-- INSTRUCTIONS FOR THE TASK --
After locating the line with "Toyota Rav 4" below, output it and each following line exactly, stopping after the line with "su negocio Intel". No pictures.

-- RECORDS TO PROCESS --
::::::::::
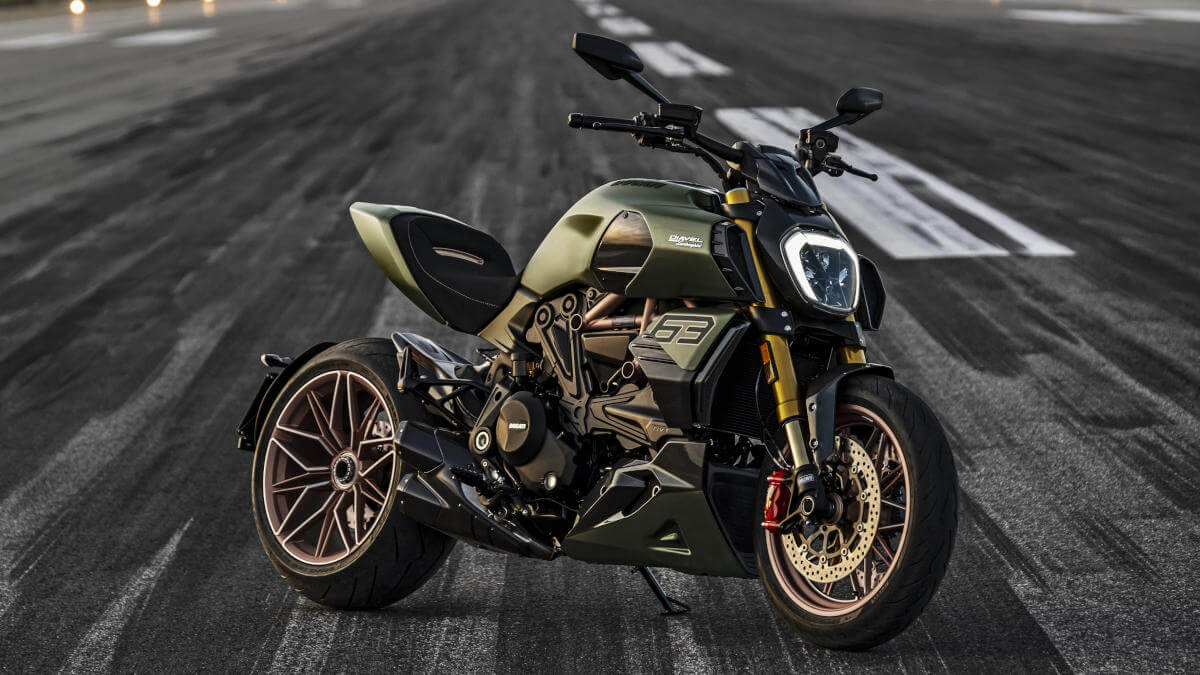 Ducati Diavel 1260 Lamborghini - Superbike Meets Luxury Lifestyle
::::::::::
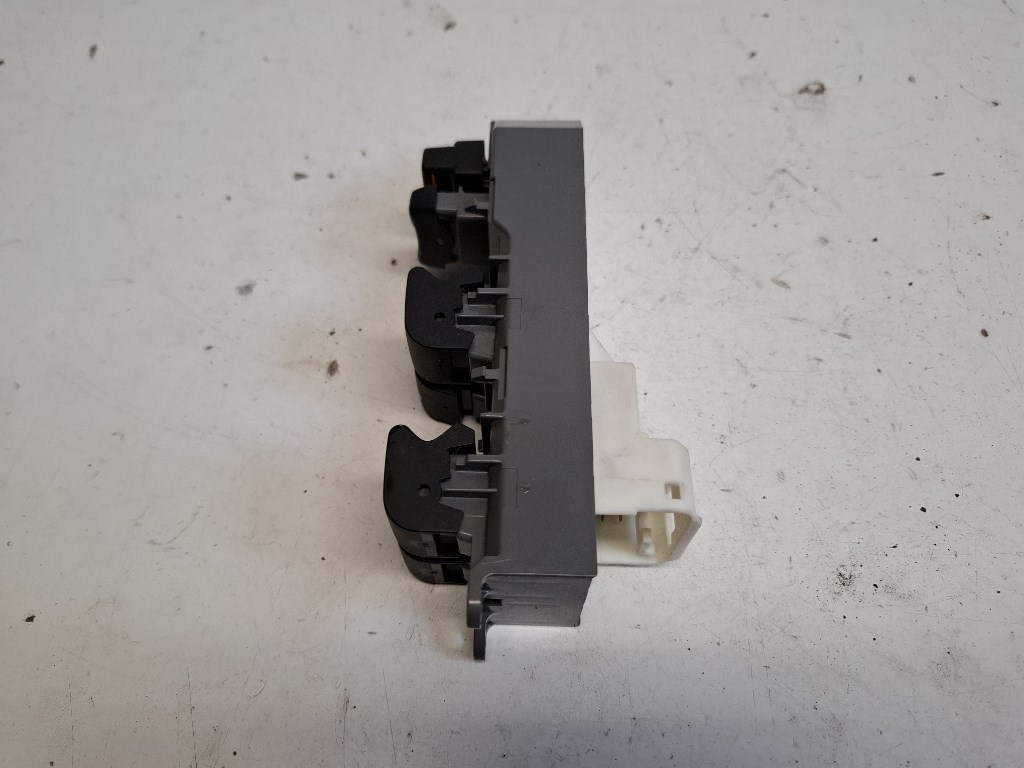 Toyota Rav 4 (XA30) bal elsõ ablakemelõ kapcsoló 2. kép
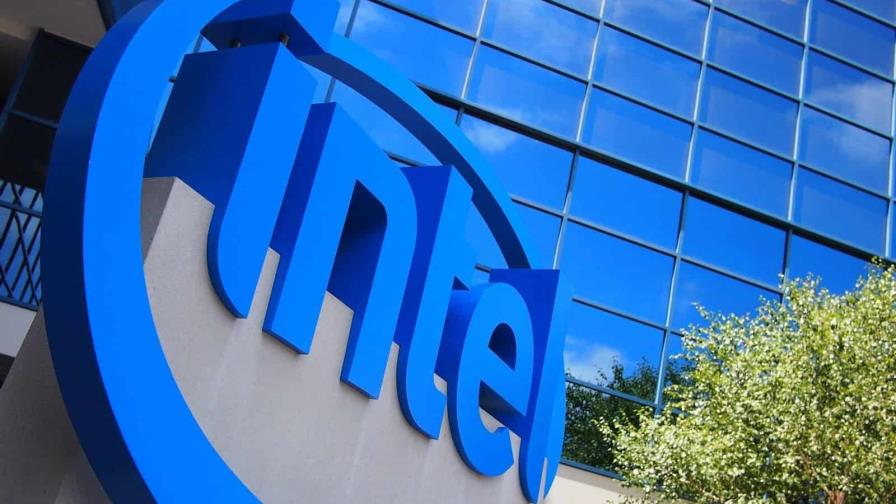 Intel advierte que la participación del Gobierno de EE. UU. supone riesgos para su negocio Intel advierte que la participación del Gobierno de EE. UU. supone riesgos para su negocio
::::::::::
-- RESPONSE TO THIS EXERCISE --
 Toyota Rav 4 (XA30) bal elsõ ablakemelõ kapcsoló 2. kép
 Intel advierte que la participación del Gobierno de EE. UU. supone riesgos para su negocio Intel advierte que la participación del Gobierno de EE. UU. supone riesgos para su negocio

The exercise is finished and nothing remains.